New Year's Development Changes
With the new year, I started looking at how I did development.
Over the past year, I have adopted unit-testing via NUnit. I sat through a presentation on agile or extreme programming where unit testing, a key component of agile development, was discussed. Unit testing significantly improves the reliability of code. Unit testing involves writing test classes ("test fixtures") that test each class and public function within your code. NUnit makes it extremely easy to run a set of tests. I can't recommend this enough. It really makes one a better developer, more so than any other tool that I have used. I use to hate testing, but testing has become an enjoyable experience now.
Testing is no longer a throwaway effort, but now an investment, which pays off on a regular basis, every time I rerun my set of automated tests. Whenever I encounter and fix a bug, I introduce a test case for that bug to make sure it never reappears. I also have much greater freedom to change any code that I have written, because I will already have built a set of test cases that detect any new regressions from my changes. Previously, I relied on including one assert for every few statements and calling every so often functions for performing consistency checks.
This year, I decided to look at new tools.

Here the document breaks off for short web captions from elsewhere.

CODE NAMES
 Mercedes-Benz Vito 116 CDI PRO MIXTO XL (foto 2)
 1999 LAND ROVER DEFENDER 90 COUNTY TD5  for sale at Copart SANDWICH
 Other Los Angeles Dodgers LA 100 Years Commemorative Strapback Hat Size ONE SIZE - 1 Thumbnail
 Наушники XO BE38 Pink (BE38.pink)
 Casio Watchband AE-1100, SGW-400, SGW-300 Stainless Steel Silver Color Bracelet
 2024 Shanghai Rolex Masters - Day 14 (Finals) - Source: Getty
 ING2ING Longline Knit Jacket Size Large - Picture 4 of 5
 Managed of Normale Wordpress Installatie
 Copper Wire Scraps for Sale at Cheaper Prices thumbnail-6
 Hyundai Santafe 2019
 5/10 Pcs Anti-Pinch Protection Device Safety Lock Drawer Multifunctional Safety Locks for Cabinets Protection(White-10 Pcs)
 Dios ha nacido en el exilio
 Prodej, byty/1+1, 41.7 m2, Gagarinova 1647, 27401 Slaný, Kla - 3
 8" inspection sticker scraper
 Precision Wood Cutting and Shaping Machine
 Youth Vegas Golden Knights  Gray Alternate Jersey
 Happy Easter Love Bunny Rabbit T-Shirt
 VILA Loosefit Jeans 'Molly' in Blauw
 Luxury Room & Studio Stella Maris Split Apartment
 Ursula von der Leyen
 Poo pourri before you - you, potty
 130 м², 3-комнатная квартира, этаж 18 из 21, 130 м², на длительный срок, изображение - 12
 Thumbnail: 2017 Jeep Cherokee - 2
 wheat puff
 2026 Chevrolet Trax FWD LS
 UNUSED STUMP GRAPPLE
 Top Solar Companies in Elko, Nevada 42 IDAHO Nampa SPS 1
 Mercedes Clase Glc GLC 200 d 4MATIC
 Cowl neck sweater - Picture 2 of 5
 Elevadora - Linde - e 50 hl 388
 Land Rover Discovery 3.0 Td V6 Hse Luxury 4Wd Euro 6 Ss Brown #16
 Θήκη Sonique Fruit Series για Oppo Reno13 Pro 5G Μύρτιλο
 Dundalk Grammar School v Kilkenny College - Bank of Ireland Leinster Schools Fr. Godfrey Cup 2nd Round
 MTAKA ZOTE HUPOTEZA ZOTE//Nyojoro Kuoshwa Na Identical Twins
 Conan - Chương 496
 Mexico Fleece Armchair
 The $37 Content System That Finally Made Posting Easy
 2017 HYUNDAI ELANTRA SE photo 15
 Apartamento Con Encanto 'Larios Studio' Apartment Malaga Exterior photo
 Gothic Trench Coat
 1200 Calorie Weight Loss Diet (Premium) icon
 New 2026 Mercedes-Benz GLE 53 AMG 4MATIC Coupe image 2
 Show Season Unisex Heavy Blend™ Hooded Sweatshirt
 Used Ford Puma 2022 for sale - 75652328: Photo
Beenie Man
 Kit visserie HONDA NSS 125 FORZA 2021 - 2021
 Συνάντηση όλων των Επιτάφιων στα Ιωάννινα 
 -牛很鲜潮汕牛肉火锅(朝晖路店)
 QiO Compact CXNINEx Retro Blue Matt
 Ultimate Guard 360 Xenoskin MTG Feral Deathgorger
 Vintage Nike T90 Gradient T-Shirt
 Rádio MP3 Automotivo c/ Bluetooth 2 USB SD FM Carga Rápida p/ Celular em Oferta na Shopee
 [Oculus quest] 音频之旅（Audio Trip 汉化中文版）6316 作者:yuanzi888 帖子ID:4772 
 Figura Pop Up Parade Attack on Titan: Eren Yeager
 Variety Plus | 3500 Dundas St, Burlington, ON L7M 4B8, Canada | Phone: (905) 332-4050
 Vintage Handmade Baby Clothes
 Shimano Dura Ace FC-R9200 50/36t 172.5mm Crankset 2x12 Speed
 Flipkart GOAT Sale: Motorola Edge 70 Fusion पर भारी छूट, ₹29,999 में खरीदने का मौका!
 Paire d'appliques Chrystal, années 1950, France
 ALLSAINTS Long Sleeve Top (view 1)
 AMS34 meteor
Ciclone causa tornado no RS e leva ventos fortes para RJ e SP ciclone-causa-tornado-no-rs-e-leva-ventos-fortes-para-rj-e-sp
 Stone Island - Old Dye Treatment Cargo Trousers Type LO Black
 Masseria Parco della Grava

I mostly looked at tools that I have heard about and planned to adopt, but never actually proceeded to use. I found NDoc, which actually converts XML comments to MSDN-style documentation. The result is far superior to the documentation generator supplied by VS.NET by default.
Other common .NET tools include NAnt. There is much that I like about the modern, clean syntax of NAnt, but I believe it suffers for a major flaw, which has kept me from moving away from using NMake. NAnt doesn't appear to support the use of file timestamps to minimally rebuild a project. Maybe, I just don't get it. I have a number of perl scripts that generate temporary files at various stages, each of which can consume several minutes. I could combine the use of NAnt and NMake, but I plan to wait for MSBuild, which, according to preliminary documentation, will correct deficiencies in NAnt, render both NAnt and NMake obsolete, and become VS's native project format.
I had a number of tools that I collected over years, but really did not know much about. I spent a day producing an XML file detailing the name, description and other information of each tool, and wrote an XSLT transform to render the XML into HTML in my browser. I included commands provided by VS.NET and Windows. I was surprised to see a host of tools that I have, at various times, been looking for, unaware that I already had them. I didn't realize that I had diff3, for example.
Some other tools that I have already used, but am mentioning because of their utility, are Anakrino and Reflector for disassembly. A number of tools from Microsoft are good. The CLR profiler is very nice, but requires some reading to become familiar with it. FXCOP shows potential as a tool for maintaining conformance to coding standards and to detect common library problems; but it requires some configuration before it becomes practical. I recently looked at ILMerge at MSR.
If you use VS.NET, don't forget about the Community Edition Obfuscator and Profiler. Both of them are fairly easy to use, and you should just play with them once just to become aware of their existence and operation. I tried them out for the first time in New Year's day.
I also looked at new commandline shells. I still use CMD, though I am thinking of upgrading to something better, either a UNIX-shell, like bash or tcsh, or a commercial DOS product, like 4NT or TakeCommand. As an experiment, I installed CYGWin, a free package, which provides a pseudo-UNIX environment complete with a UNIX commandline shell, commands and APIs. Note that this package may consume half a gig of hard disk space.